She pulled her gaze away to the wooden shed at the bottom of the yard, where a DJ table had been set up with two decks, huge speakers, and cardboard boxes tightly packed with albums. Willow Doyle and Isabelle Chan were there, heads pressed together, flipping through records. They were extremely cool girls, which must have been why Tarquin let them anywhere near the DJ table. Music at parties was strictly the province of guys, like barbecues were for their fathers, and girls were only tolerated in the vicinity if they had exceptionally high social or sexual value. Willow and Isabelle had both, so no one was shooing them away like chickens as they would have otherwise. April watched for a while, hoping the mysterious Tarquin might make an appearance, but he didn’t, and she soon got bored. She gulped down the rest of the repulsive drink and held her cup out for more.  Cristina filled it almost to the top. Stop, April protested weakly. She went back to scanning the scene. 

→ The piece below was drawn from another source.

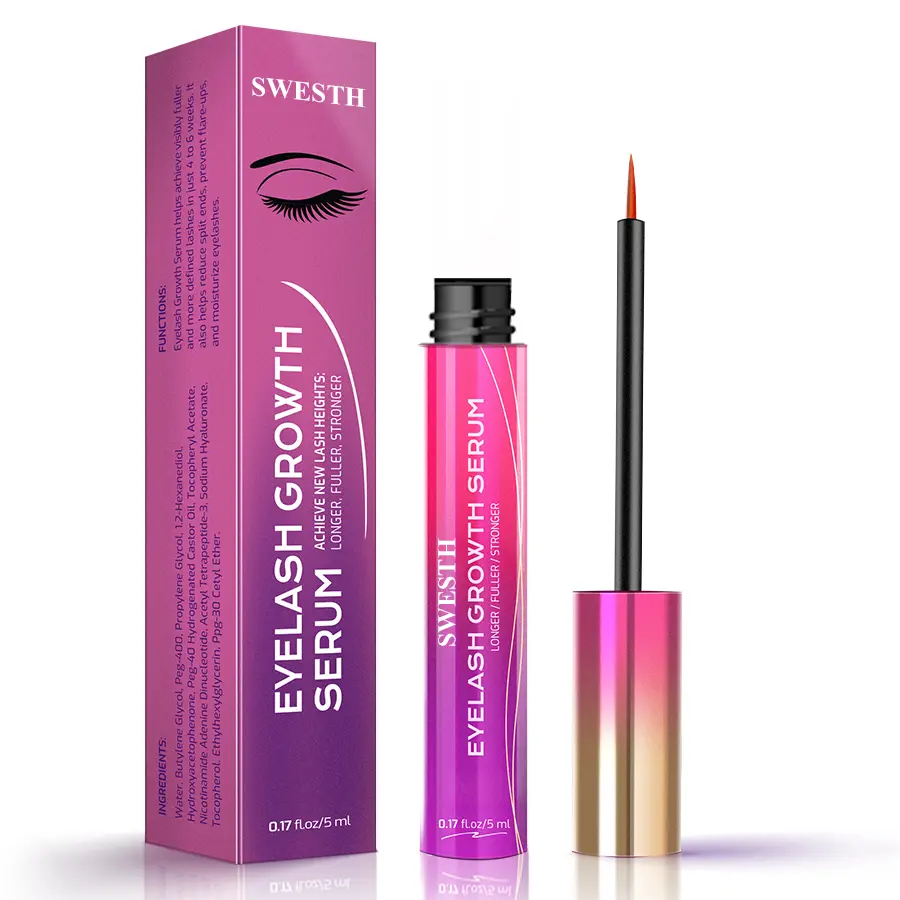 Eyelash Enhancing Serum - Lash Growth Serum with Advanced Liquid Formula, Vegan, Cruelty-Free, Suitable for Sensitive Eyes, Lash Serum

The night got fuzzy at the edges. This was the desired state, so April didn’t mind, but it made it hard to keep track of things and whether they were real or not, like when Simon came over and sat cross-legged next to her on the lawn and engaged her in conversation—about what? Lost to the mists of time, alas—and then, a few drinks later, pulled her down onto the grass and began kissing her. She felt the night swoop down and then open up, a galaxy of unrealness above and around her. When Simon came up for air and to smoke a cigarette, she had a chance to smooth her hair down and run her finger beneath her eyes, where she could feel makeup collecting. Still flat on her back, she tilted her head to the side and saw that people kept arriving, but she didn’t know any of them. Everyone she knew was already there. 

Halley’s Comet was there too, full of volatile ices and dust, a lonely streaker across the night sky. April, her back pressed into the grass of Tarquin’s parents’ lawn, had an excellent view of the phenomenon that would never again in her lifetime pass earth by. 

Halley’s comet is currently beyond the orbit of Neptune, in the constellation Hydra, close to reaching the farthest point of its orbit. April wonders what it has seen. So many years have passed since that party. Does the comet feel their simultaneous weight and lightness as she does? 

She has a bad idea that she knows is a bad idea but she does it anyway, she looks up some of the people from that long-ago party to see what’s become of them. It is partly an exercise in self-deception, this looking up of old friends. She already knows what has happened to a few of them, is still friends with some, acquaintances with others, and she is pretending she needs updates on these known people when really there are only two names that matter. The first: Simon Williams. She hasn’t thought about him in years but now the specter of him is back, the accompanying sickness and anger his name evokes resurfacing like bad magic. Not the night itself, there had been something beautiful about the night in spite of its blurred edges. Her first kiss not exactly as she might have imagined but still exhilarating to think about, a secret to hold close to herself like a delicate creature as she rode the bus that Monday morning after the party. 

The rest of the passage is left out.